May 10, 2026 · 9 min read · MDisBetter

How to Convert Word to Markdown (5 Methods Compared, 2026)

You have a Word document — maybe a draft, a contract, a technical spec, an old report — and you want it in Markdown. Maybe to feed it to Claude or ChatGPT, drop it into Obsidian, push it to a GitHub repo, or import it into Notion. Word's binary-flavored XML is the wrong format for almost every modern workflow except editing in Word itself. Markdown is plain text, version-controllable, LLM-friendly, and renders everywhere. Here are the five real ways to make the jump in 2026, with honest trade-offs.

The five methods at a glance

Method	Setup	Best for	Quality	Cost
1. MDisBetter web tool	None	One-off conversions, anyone	~96%	Free
2. Pandoc CLI	Install Pandoc	Power users, batch, complex docs	~98%	Free (OSS)
3. Mammoth.js library	npm install	Developers building tooling	~95%	Free (OSS)
4. Word native export	None (Word installed)	Quick HTML pivot	~70%	Free if you have Word
5. Copy-paste	None	Almost nothing	~30%	Free

Method 1: The MDisBetter web tool (easiest)

Open the Word to Markdown converter, drop your .docx file on the page, click Convert, download the .md. Three clicks, zero setup, no account required. The output is GitHub-Flavored Markdown — H1 to H6 preserved, ordered and unordered lists with proper nesting, tables converted to pipe syntax, images extracted with alt text, bold/italic/code spans intact.

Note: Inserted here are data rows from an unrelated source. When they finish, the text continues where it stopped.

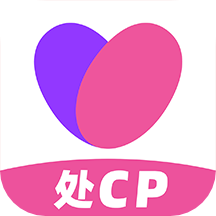 喃喃语音 v1.4.4.9 最新版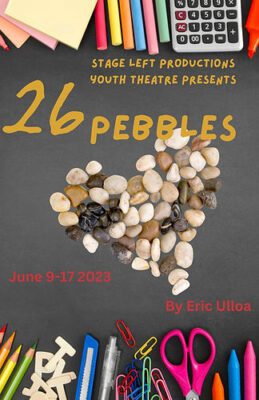 Bettendorf High Draws Controversy Over Fall Play About 2012 School Shooting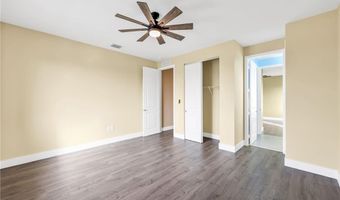 5074 Penella, Ave Maria, FL 34142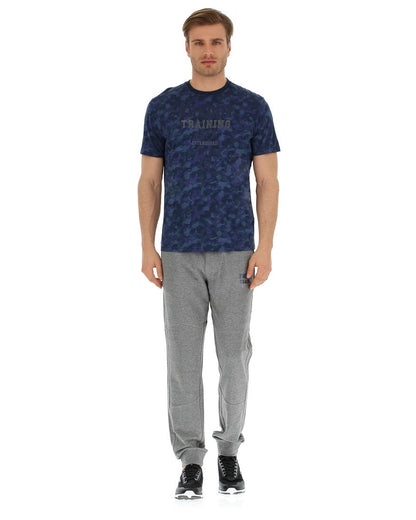 メンズTシャツ【全4色】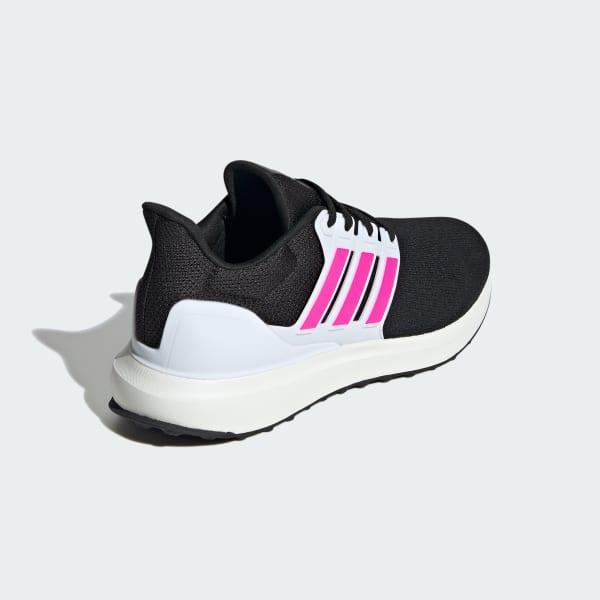 UBounce DNA Shoes Product Image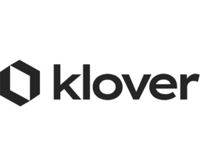 Klover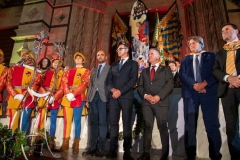 CENA-VITTORIA-SELVA-5-Ottobre-2019-309
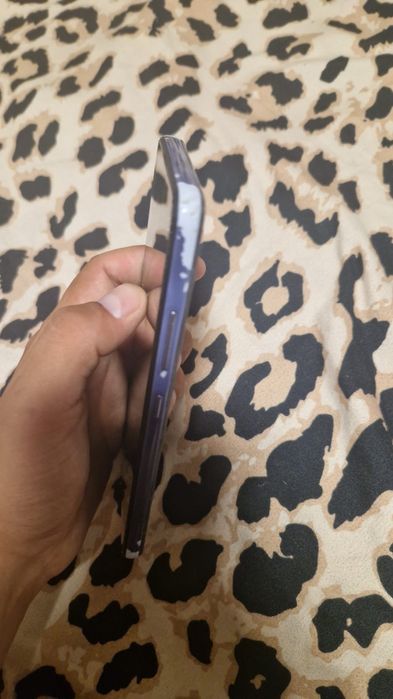 Samsung A32 de vânzare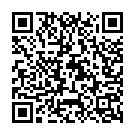 Aag Lagai Dihalu Song - QR Code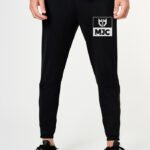men joggers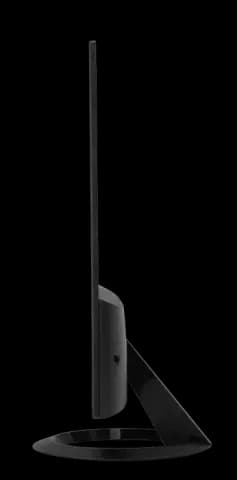 مانیتور 27 اینچ ASUS مدل  VZ27EHE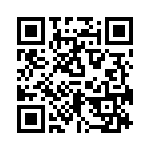 RN55C13R3FB14 QRCode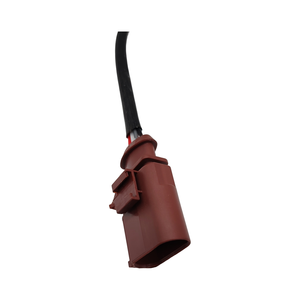 04E906262BF Capteur d'oxygène de haute qualité pour Audi A3 8V A3 8P VW Volkswagen Golf 7 <span class=keywords><strong>Seat</strong></span> <span class=keywords><strong>Leon</strong></span> - Product Image 5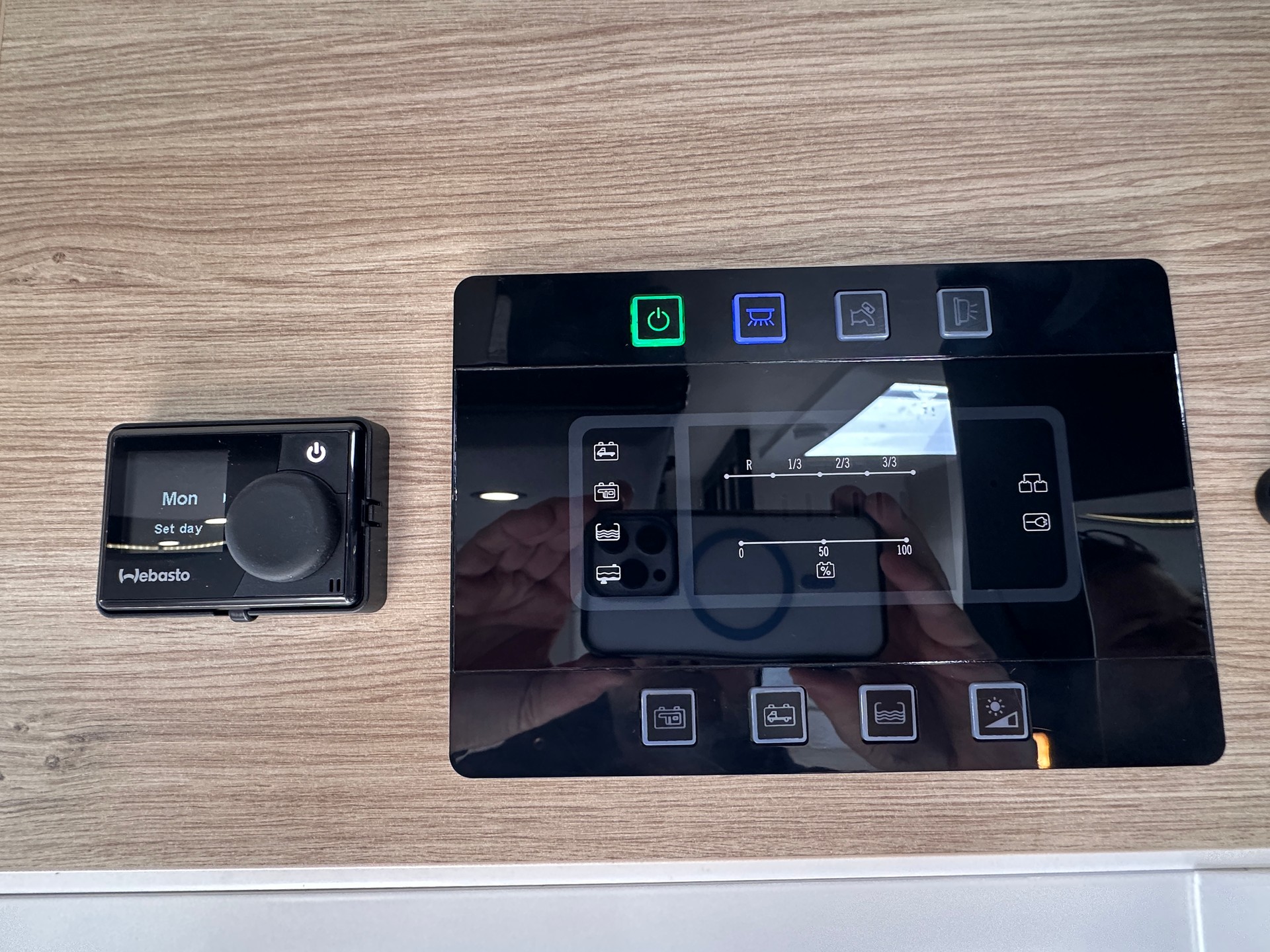 CHAUSSON 660 Titanium Line-image-21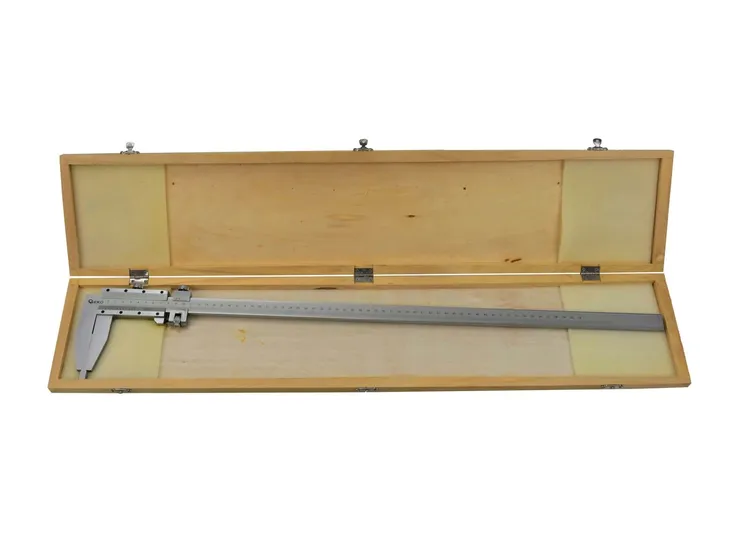 suwmiarka-analogowa-geko-1000-mm-rodzaj-analogowa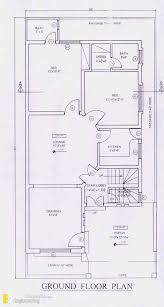 beautiful 2d floor plan ideas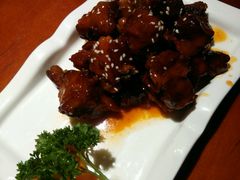 -19号私房菜(云南路店)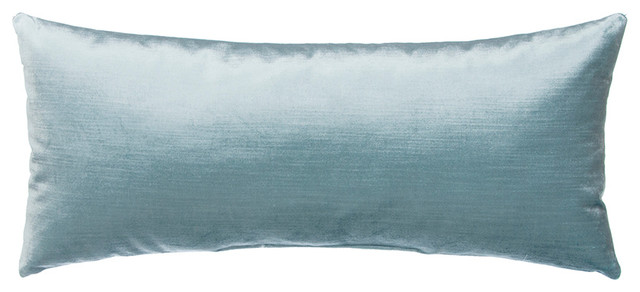 rectangular bolster pillow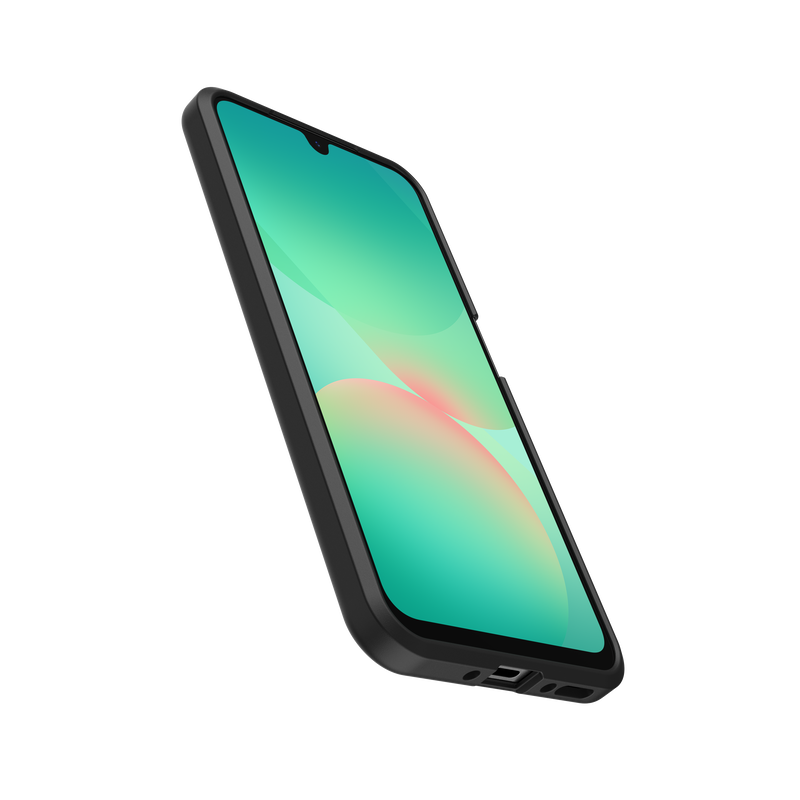 product image 4 - Galaxy A26 5G Funda React Series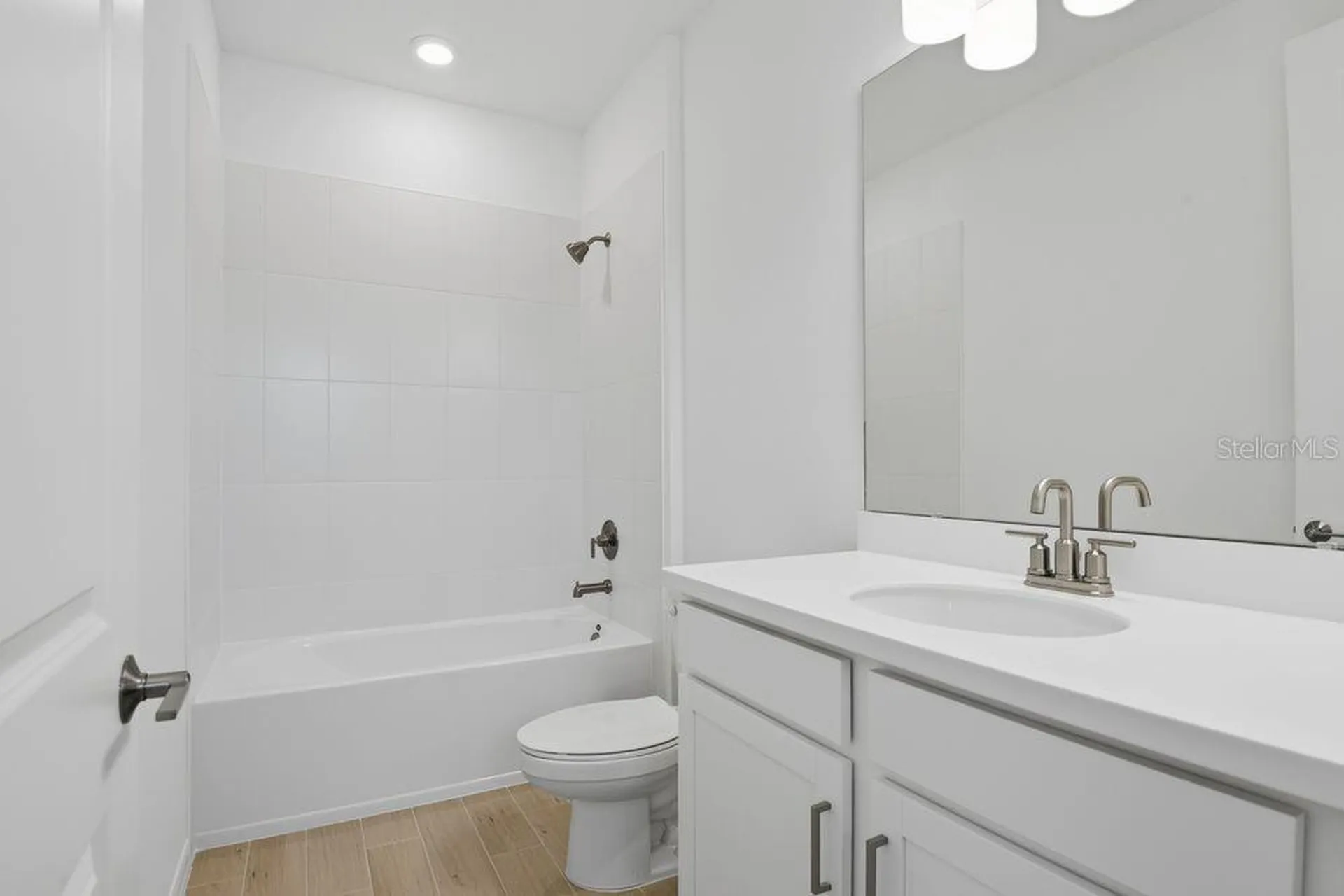 574 Moon Shell Circle New Smyrna Beach FL 32168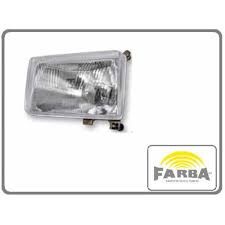 REFLEKTÖR SAĞ MİRAFİORİ DOĞAN 87=>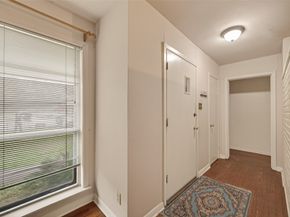 10814 Moonlight Drive, Houston TX 77096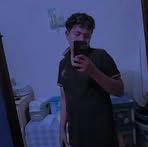 Pablo Espejo - Facebook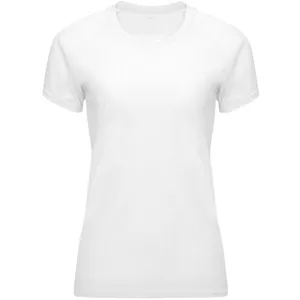 T-shirt Basic (Personalizável - 100% Algodão)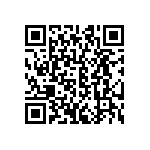 CRCW060327K4FKEA QRCode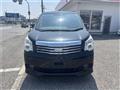 2013 Toyota Noah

This is the right method for 90% of users. Single document, occasional use, no install. The web tool is one file at a time — for batch needs, drop down to Pandoc (Method 2).

Pros

Zero install, zero learning curve
Works on any OS, any browser
Free, no signup
Handles 95%+ of standard Word features cleanly

Cons

One file at a time (no batch)
Requires uploading the file (not local)
No customisation of conversion rules

Method 2: Pandoc CLI (most powerful)

Pandoc is the gold-standard universal document converter. Open source (GPL), maintained for over 15 years, ships with reliable .docx parsing. If you're a developer, sysadmin, or technical writer with more than a handful of files, this is the right tool.

Install on macOS:

brew install pandoc

On Ubuntu/Debian:

sudo apt-get install pandoc

On Windows, grab the installer from pandoc.org.

Convert a single file:

pandoc -f docx -t gfm input.docx -o output.md

The -f docx flag declares the source format, -t gfm targets GitHub-Flavored Markdown (the de facto modern standard). For images, add --extract-media=./media to dump embedded images into a folder:

pandoc -f docx -t gfm --extract-media=./media input.docx -o output.md

Batch convert every .docx in a folder:

for f in *.docx; do
  pandoc -f docx -t gfm --extract-media=./media "$f" -o "${f%.docx}.md"
done

Pros

Highest quality on complex documents (footnotes, citations, equations)
Scriptable, batchable, automatable
Free, no quota, no internet required
Handles every doc format under the sun

Cons

Requires install + command line
Steep learning curve for advanced flags
No GUI

Method 3: Mammoth.js library (for developers)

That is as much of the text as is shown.